Finally, it is the very notion of pseudo-anonymous dataFootnote 72 that provides the key to bypass entirely personal data protection in the classifying society.

2.3 Data and Markets: A Mismatch Between Law, Technology, and Businesses Practices

A modern clash of rights seems to emerge in the classifying society—between, on the one hand, the right of individuals to control their own data, and, on the other, the interest of business in continuously harnessing that dataFootnote 73 as an asset. The latter are increasingly protected by IP or quasi IP as trade secrets.Footnote 74

This clash is echoed among economists. Some support business arguing that more (customers’) data disclosure reduces information asymmetries [108, 109] while others argue it is data protection that generates social welfare [110]. In this debate legal scholars mostly advocate more individuals’ control over their data at least in terms of an extended propertization [111, 112].Footnote 75 However, theories [113, 116, 117] about how a market for personal data, acknowledging data subjects’ property rights, do not seem to consider the actual technological state of art [21] and the corresponding legal landscape.
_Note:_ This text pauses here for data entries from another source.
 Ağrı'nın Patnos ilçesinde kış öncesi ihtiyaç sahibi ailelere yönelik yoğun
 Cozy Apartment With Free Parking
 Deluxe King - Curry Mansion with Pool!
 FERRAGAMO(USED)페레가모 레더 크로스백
In this landscape the legal framework remains dominated by the Privacy Policy Terms and Conditions whose legal enforceability remains at least doubtful in many legal orders. Meanwhile, de facto PPTC are enforced by the lack of market alternatives, by the widespread lack of data subjects’ awareness both of the existence of tracking procedures and of the role of data aggregators and data brokers.Footnote 76 The hurdles and costs of a lawsuit close this vicious loop in which, although doubtful in legal terms, PPTC actually govern the data processing beyond statutory constraints in any given legal system.

In addition, the composite nature of most transactions makes opaque, to say the least, information collection and sharing processes. Very often, data processing is externalized [119] making it even more opaque and difficult to track data once they are shared.
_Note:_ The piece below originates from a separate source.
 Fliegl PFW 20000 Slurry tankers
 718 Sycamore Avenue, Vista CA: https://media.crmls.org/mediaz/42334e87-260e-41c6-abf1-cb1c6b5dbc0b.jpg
Note also that some key players such as Google, Amazon, and e-Bay do not identify themselves as data brokers even though they regularly transfer dataFootnote 77 and generate models.
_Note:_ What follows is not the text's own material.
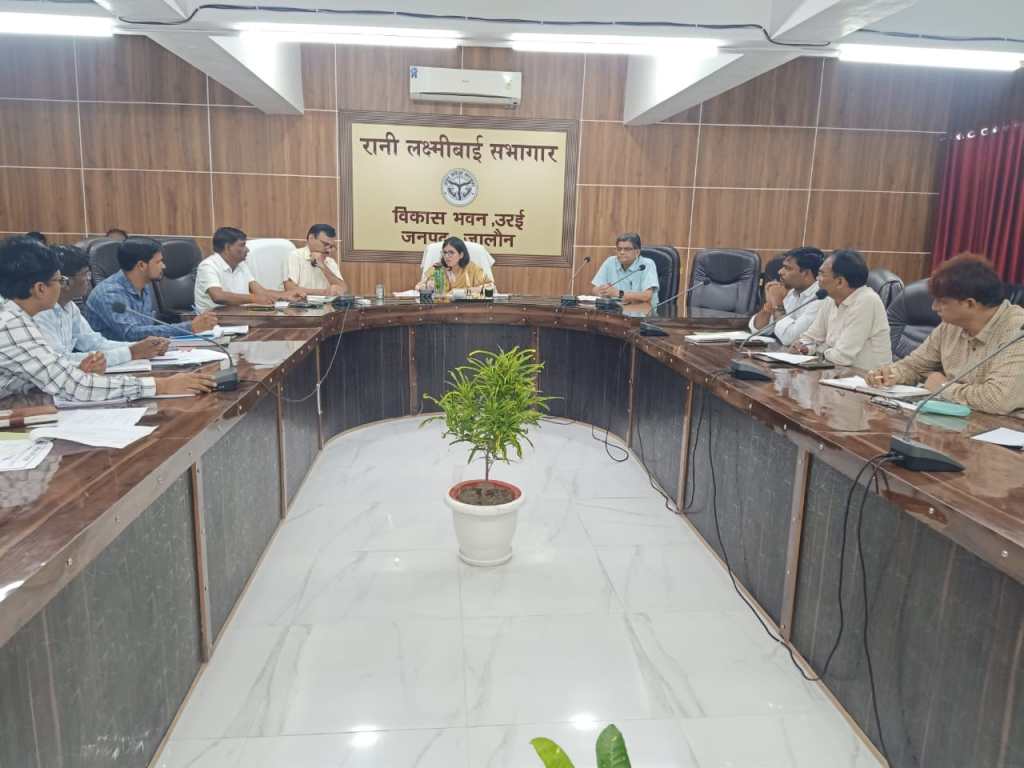 बजट होते हुये भी कार्य में रूचि न लेने वाले अधिकारियों को&nbsp;फटकार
Further and subsequent processing, even if data are anonymized or pseudo-anonymized, generates models that are later applied to the same (or other) groups of shared characteristics, a process which impacts individuals whose data, although technically non-personal, matches the model. In other words, the production cycle we are describing (data collection of personal/things data, their enrichment with other data, and their pseudo-anonymization, the generation of the model and its continuous refinement) allows for application of the model to individuals without the need to actually involve further personal data (in legal technical terms), entirely bypassing data protection laws—even the most stringent ones.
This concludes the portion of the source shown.